The shaykh, hafidhahullah [may Allah preserve him] explained that the author, rahimahullah, is talking here about how a person may mistakenly build an attachment to the means that have been made available to him/her in helping them become close to Allah. While of course working and striving are essential for the seeker, one should not become so conscious of one’s own efforts that they forget the deeper reality of the situation, which is that all the work that we do, all the resources and opportunities that have been made available to us, are in truth only by the tawfeeq of Allah, and by His facilitation for us. What will enter us into Paradise, in reality, is not our own deeds, but the grace and mercy of Allah, subhanahu wa ta’ala.

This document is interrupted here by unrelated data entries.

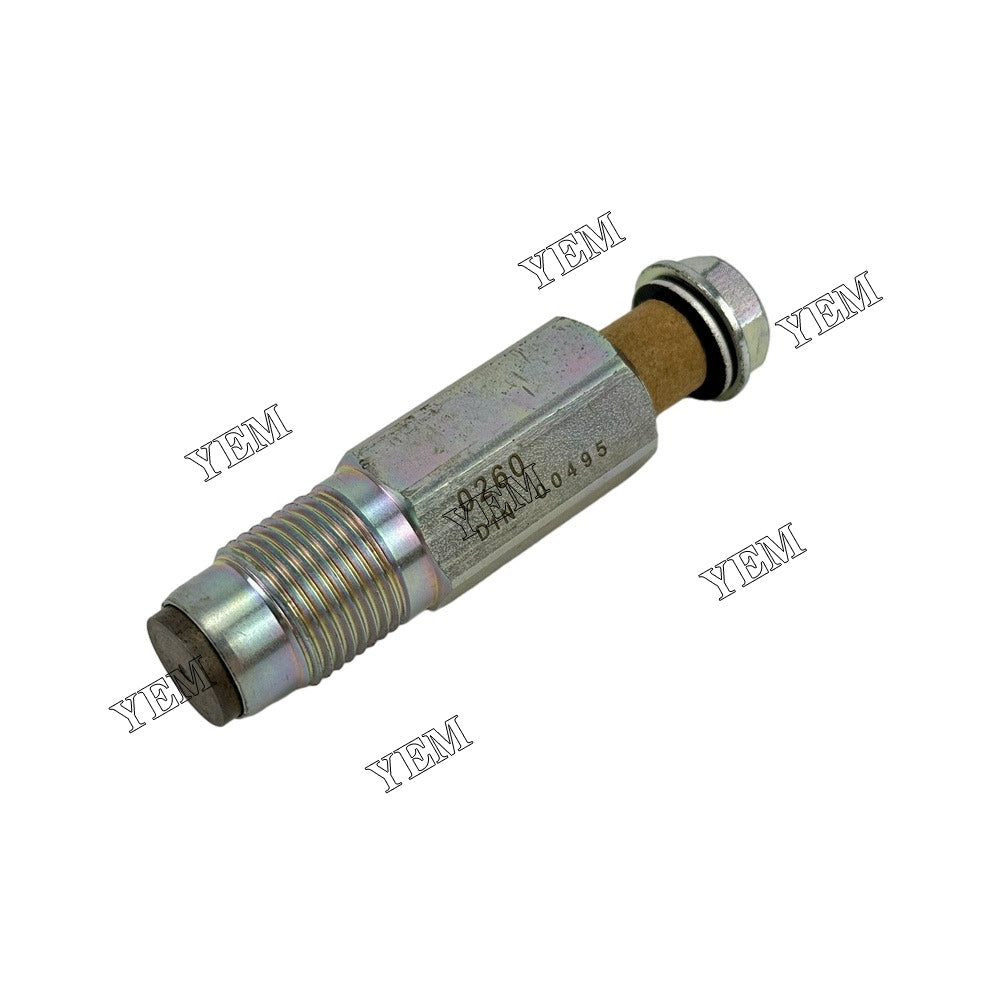 For Liebherr Pressure Sensor 095420-0260 095420-0140 4HK1 Engine Parts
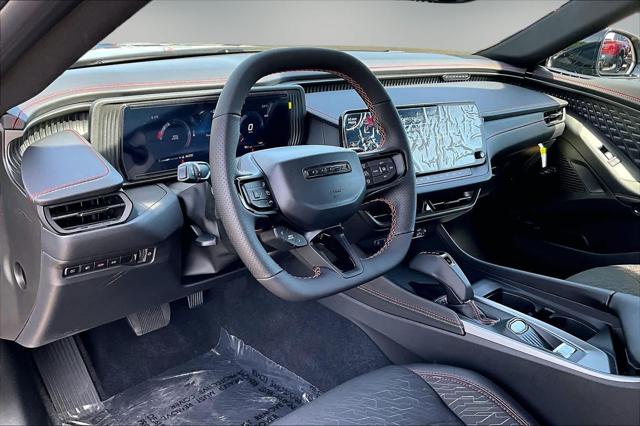 2026 Dodge Charger CHARGER SCAT PACK 2-DOOR AWD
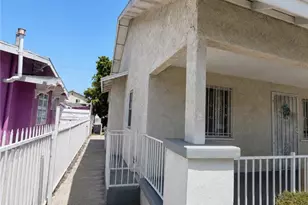 1617 W 58th, Los Angeles, CA 90062 - Photo 3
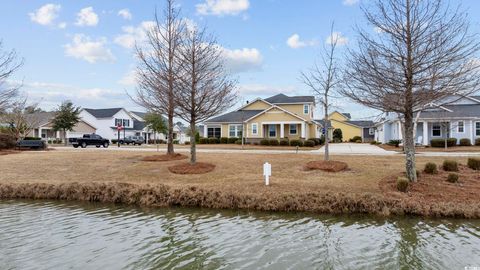 A home in Myrtle Beach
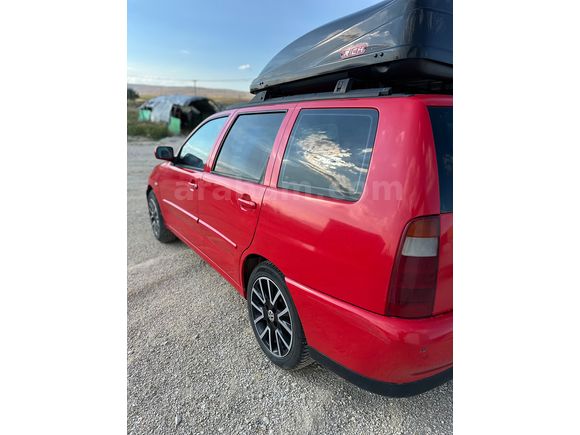 Sahibinden Volkswagen Polo 1.6 Variant 1998 Model 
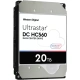 WD Ultrastar DC HC560, 3,5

A sign that divulges to us where we’ve truly placed our reliance can be found in those moments when we fumble or err in our course of striving to obey Allah. At those times, do we lose hope? Do we give up? If so, this is indicative of a lack of depth in our tawheed and a reliance on ourselves and our own abilities (which inevitably fail and disappoint us).
The shaykh went on to say that from among the reasons Sh. Ibn Ata’illah began with this hikmah was not to discourage us from taking means that are made available to us, but instead to alert us, from the very beginning of this path, about the danger that comes with this self-reliance. One may all too easily be led into arrogance, delusion, ostentation and other spiritual ailments that can invalidate even seemingly genuine acts of worship and build many obstacles on our path to Allah.
If you are like me, this one line of the Hikam is sufficient in its intensity to leave you reeling for many days :) I am sure it is indicative of the power of the text in its entirety and the beauty of this work.
InshaAllah, I hope to continue posting on some of the beautiful lessons learned in the Hikam, some resources and links on the text I can find online, and also a little bit about our visit to the grave site of Sh. Ibn Ata’illah rahimahullah here in Cairo.
(PS – There is an excellent commentary on the Hikam by Sh. Said Ramadan al-Bouti of Syria for those who are interested in studying the work in more depth, and it even comes with a CD of some of his lectures: Al Hikam al-Ata’iyyah Sharh wa Tahleel [3 volumes], published by Dar al-Fikr.)